Work to be completed: The answer must be the lines from the one that holds "RV TPMS with Solar Charging & 4 Sensors" through the final line of the data, copied exactly, with no pictures.

Source data:
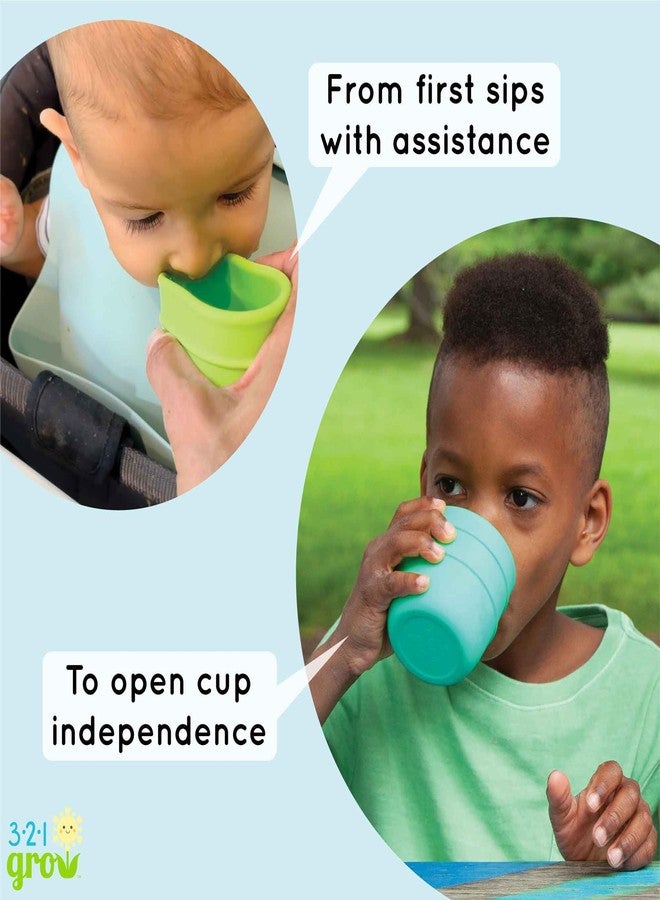 321 Grow Drink with Me Cup Set – 2 Silicone Kids Cups – Easy Grip Ribbed Design – Weighted for Stability – Soft, Safe Unbreakable Open Cup Training – Dishwasher and Microwave Safe (Watermelon) - Image 4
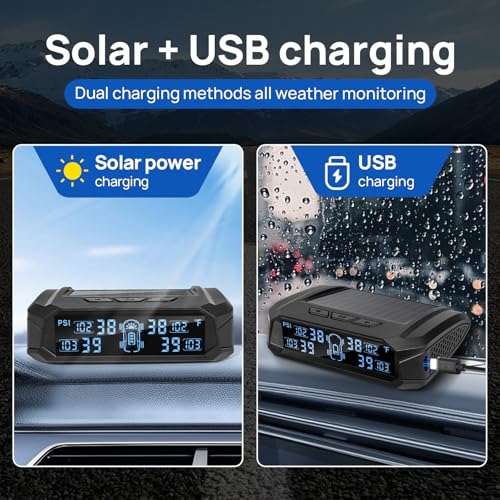 RV TPMS with Solar Charging & 4 Sensors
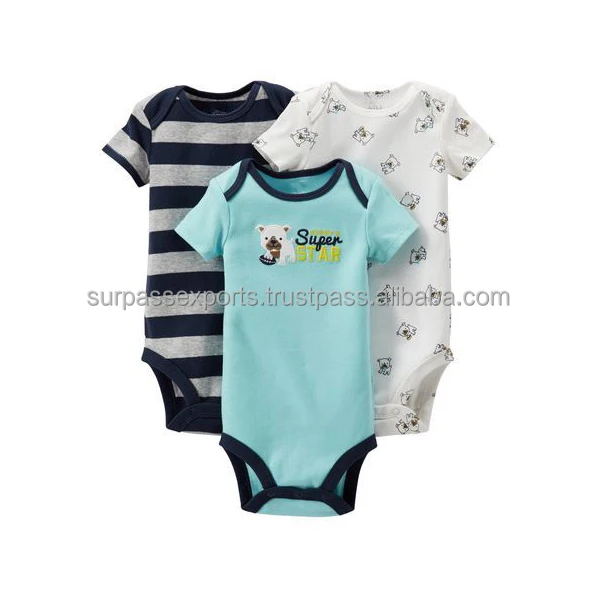 Latest Design Premium Quality Baby Boy Rompers with Printed Designs Summer Cotton Newborn Clothes at Wholesale Price for Export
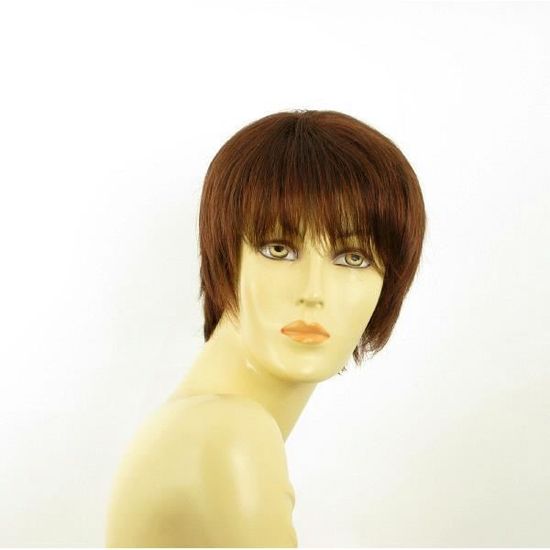 Perruque Courte Femme Couleur Châtain Cuivré Intense - Ref LOUISE - Synthétique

Answer for this exercise:
 RV TPMS with Solar Charging & 4 Sensors
 Latest Design Premium Quality Baby Boy Rompers with Printed Designs Summer Cotton Newborn Clothes at Wholesale Price for Export
 Perruque Courte Femme Couleur Châtain Cuivré Intense - Ref LOUISE - Synthétique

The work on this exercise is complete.